そのような状況下で、当時の人々が大火から1年後の5月1日をどのように迎えたのかが分かる資料が見つかった。
「来たる5月1日は、昨年の大災厄に相当する日である。警察署長から消防各部へ招集警戒等の依頼が来ている。5月1日は消防組全員が番屋(消防の拠点)に集まるように」。
これは、22(同11)年の4月29日、苫小牧消防組の組頭である小保方卯市が、消防組の部長3人へ宛てた連絡の控えである。最前線で大火と向き合った消防組は、「大災厄」に備えて全員出動の厳戒態勢を敷いてその日を迎えた。
また、大火の被害を免れた苫小牧東尋常高等小学校(現在の苫小牧東小学校)の沿革誌には、5月1日の欄に「鎮火祭」なる記述があった。
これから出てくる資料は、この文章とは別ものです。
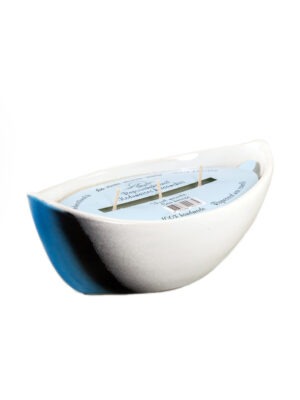 Scented candle in a ceramic boat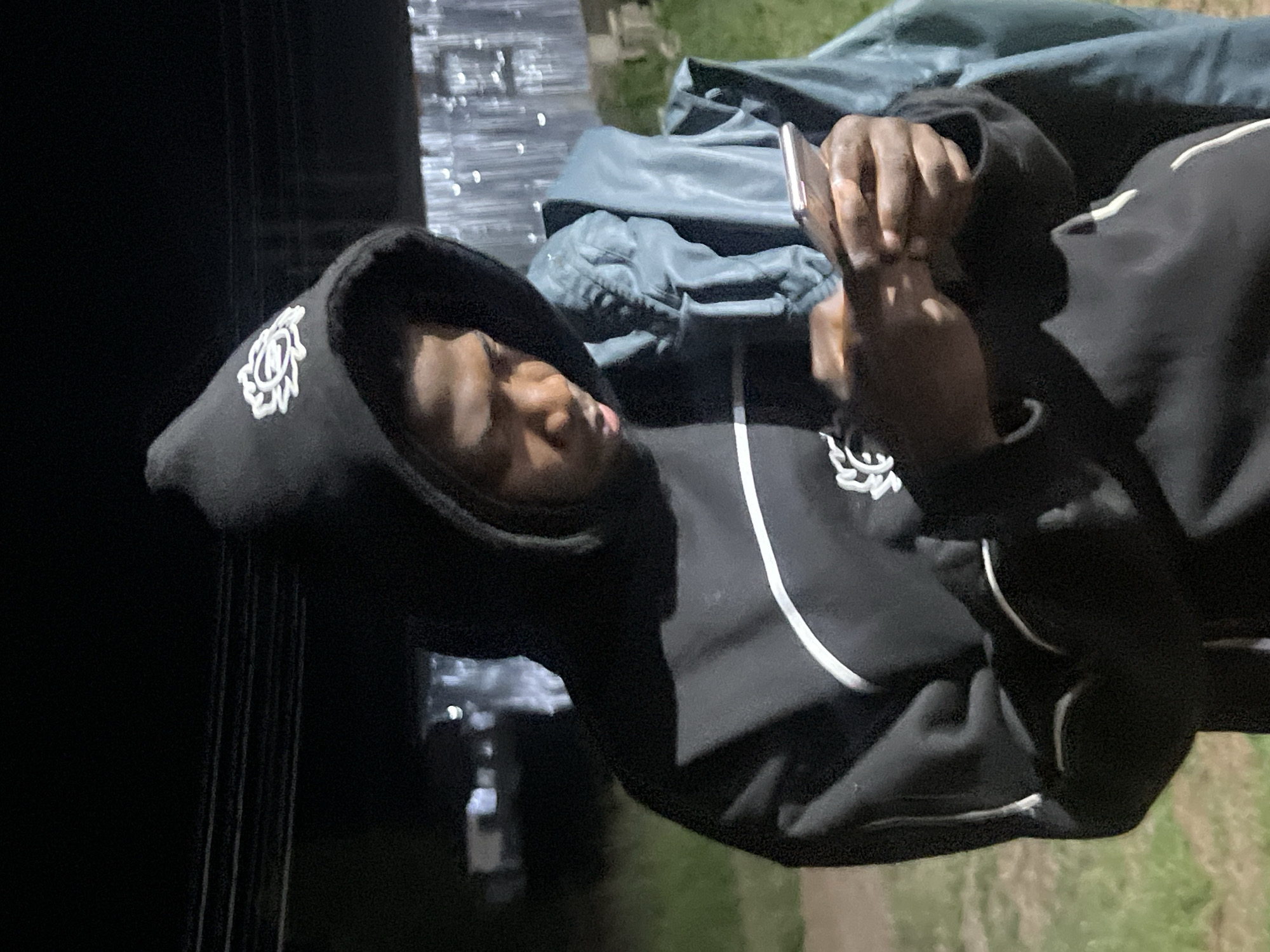 The image captures a close-up of a young Black male wearing a black hooded sweatshirt with a white emblem on the hood and a white stripe across the chest. He is holding a smartphone in his hands and appears to be looking at it, with his head tilted down. He is also wearing a teal-colored jacket draped over his shoulders. The background is dark, suggesting it is nighttime or a dimly lit area, with some out-of-focus lights and what appears to be a corrugated metal structure in the distance. The ground beneath him is covered with grass. The scene is set outdoors, likely in a residential or informal settlement area within Durumi, Nigeria.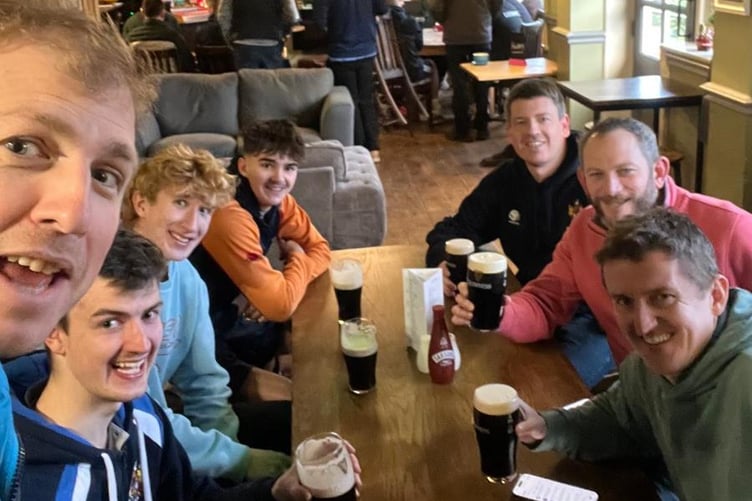 Haslemere Hockey Club's men's second team celebrate their 2-1 win at Wimborne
内容や規模などの詳細は不明だが、この鎮火祭は大火後の数年間だけ、5月1日に行われていることから、おそらくコイノボリ大火と関係のある行事だったのだろう。
コイノボリを外に揚げなくなったこと以外にも、大火が人々に与えた影響はそこかしこに埋もれている。歴史を掘り起こすと、災害の爪痕から目をそらさずに向き合う人々の姿があった。